There is a recipe box located in Blanchard which allows students to input suggestions regarding recipes and meals that they want to see made in the dining hall. However, so far, Rahman said, “I don’t think it’s helpful, because a lot of my friends have dropped recipes in there and I haven’t seen any of them actually being made.” In terms of feeling more represented, Rahman is resigned to the fact that “since I’m the minority here, I feel like I cannot complain with what I’m getting, so I have to simply adapt.”
Ruby Sapkota ’25, a student from Nepal, shares Rahman’s sentiment, saying that “Back home, we have spices, but after coming here, I see that everything is raw and even the cooked things do not have spices.” Being Hindu, Sapkota cannot eat pork, beef and raw vegetables. For the first couple of weeks on campus, she said that she and her friend cried because they were so hungry and could not eat the food. “I eat in Blanch just to survive,” she said. The lack of meal diversity also affects Sapkota’s food intake. She said she has not eaten vegetables since moving to campus. “I do not eat raw vegetables, and even when they make cooked vegetables, they mix it with beef or pork, which I cannot eat,” Sapkota said.

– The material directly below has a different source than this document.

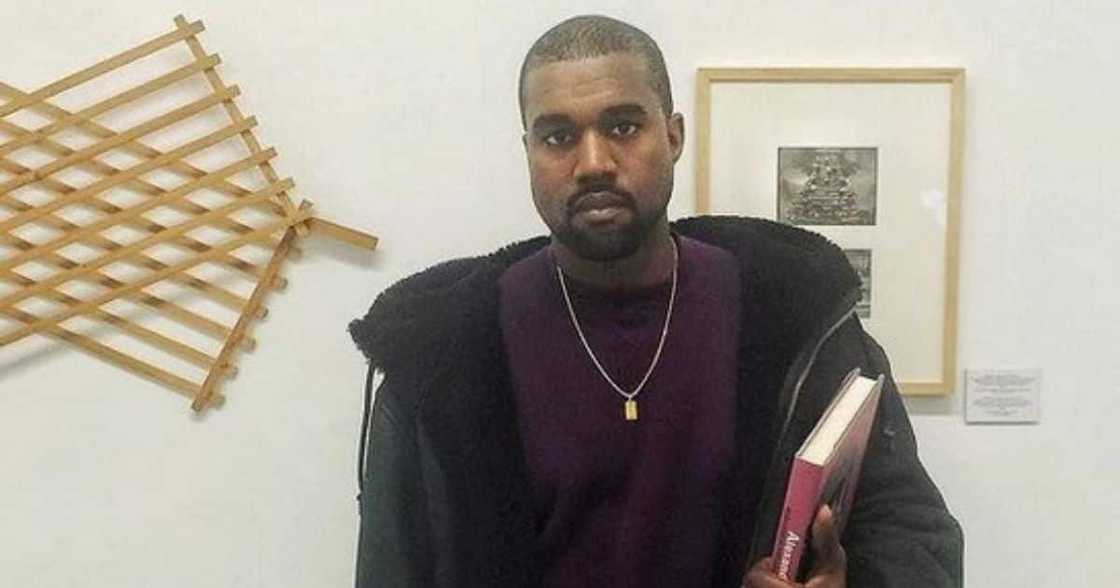 Kanye West claims he can't use Apple Pay Kanye West claims he can't use Apple Pay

Diamond Abiakalam ’25, a student from Nigeria, stated, “Africa is not represented at all” in the dining hall. According to Abiakalam, when she shares her opinion with other students, “many retort that the food in MHC is better than other colleges and [she] should be grateful.” Abiakalam continued, “This is insensitive and invalidates my experience as an international student. I wasn’t raised with food like this and I shouldn’t be expected to swallow my complaints simply because it’s better than food somewhere else.”
Abiakalam continued, stating, “African students are also part of the school, so they should be represented in all areas including in the dining selection”
Students offer solutions
Rahman thought that if the College was to “hire someone Asian who knows Asian taste buds, the food can taste more closely to the food back home and make me and a lot of my Asian friends feel more at home in the College”

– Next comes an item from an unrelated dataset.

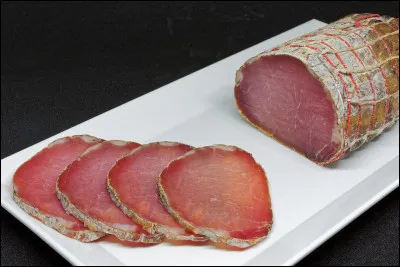 Charcuterie corse, filet maigre de porc conservé par salaison, séchage et fumage :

Sapokta’s solution was more specific. “I think Blanchard should really make cooked, spiced vegetables more because many Hindu students cannot eat raw vegetables or plainly boiled vegetables,” she said. “So, spiced vegetables would be better for us.” But she echoed Rahman’s point as well, saying, “Though the dining workers try to replicate food for my ethnic group, it doesn’t taste the same. Maybe hiring a South Asian person would be a good idea.”
Lastly, Abiakalam called for “a representation of Africans in the food selection and a more diverse staff that is actually aware of how flavorful these ethnic meals are supposed to taste like.”
Mount Holyoke has developed an anti-racism action plan since August 2020, stating the College’s commitment “to becoming an anti-racist community” This plan promised to tackle broad issues faced by students of color, including expanding diversity in curricula and faculty at the College. However, no statements have been made regarding how these changes might impact or diversify Blanchard’s offerings.